Electronic Band Gap ( EBG) and Metamaterials are used in antenna and filter design. I am confused if both are same are the difference in nature? What is a property of Metamaterial and EBG?
So in recent years, metamaterials have become a hot topic for the antennas and propagation community. Although some would argue that there are formal definitions, what most people call "metamaterials" today are structures which exhibit non-traditional behavior not commonly found in nature.
In the early 2000s, Pendry and his group published a paper talking about building a "cloak" from negative index of refraction "metamaterials." This spawned a huge interest back into this field, and over the next several years, prominent scholars in applied electromagnetics presented and debated all sorts of cool things (right-handed, left-handed, causality, etc).
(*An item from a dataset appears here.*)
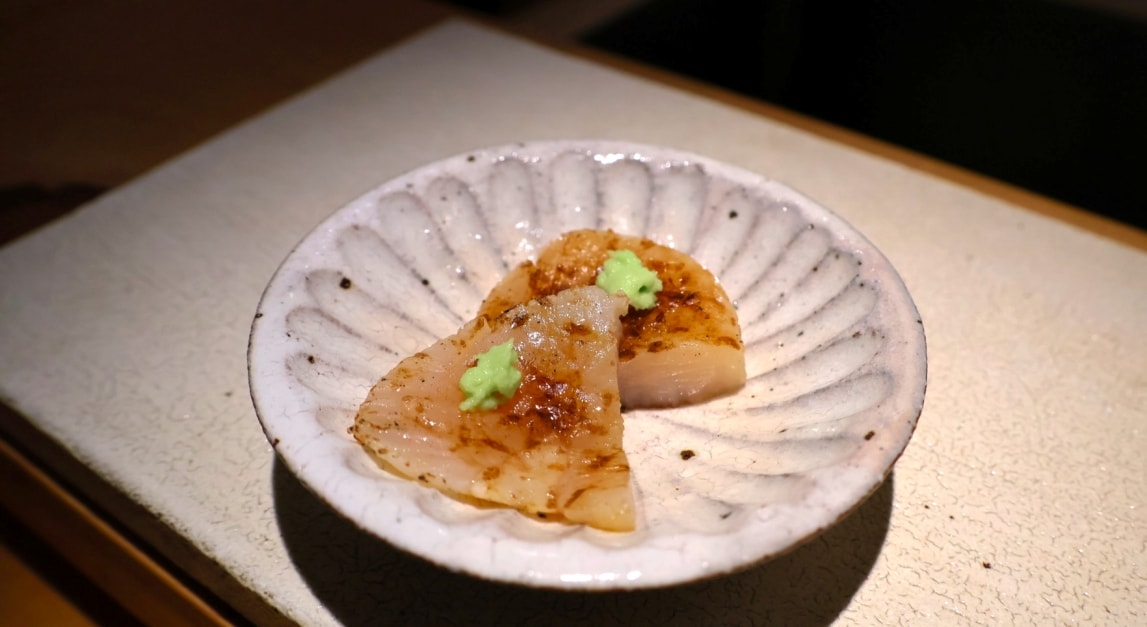 台北無菜單日本料理|鮨荻 sushi ogi——95%食材來自日本的奢華板前料理 - 第30張圖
A good source on the subject is the book Metamaterials: Physics and Engineering Explorations by Nader Enghetta and Richard Ziolkowski.
Artificial dielectrics and impedance surfaces were around for years. The called them many things in papers, but they are all structures which exhibit strange scattering behavior. There's a chapter in Enghetta text on "impedance surfaces," which is the same thing as EBGs; Daniel Sievenpiper wrote it. Basically, they're structures which appear as an artificial impedance boundary to incident waves. Sievenpiper and his group at UCSD pioneered much of the research in this area. They came up with the now famous mushroom periodic structure. An application of this is building artificial magnetic ground planes, which if possible, would be huge. If you're familiar with image theory, think about what happens to horizontal electric currents close to a magnetic ground? (It doubles!)
Anyways, I don't want to open the floodgates of debate on what constitutes one or the other. In general, you'll find that most people today consider EBGs to be a type of metamaterial, along with frequency selective surfaces (FSS), magnetodielectrics, metaferrites, negative index of refraction materials, etc. But do check out the Enghetta/Ziolkowski text.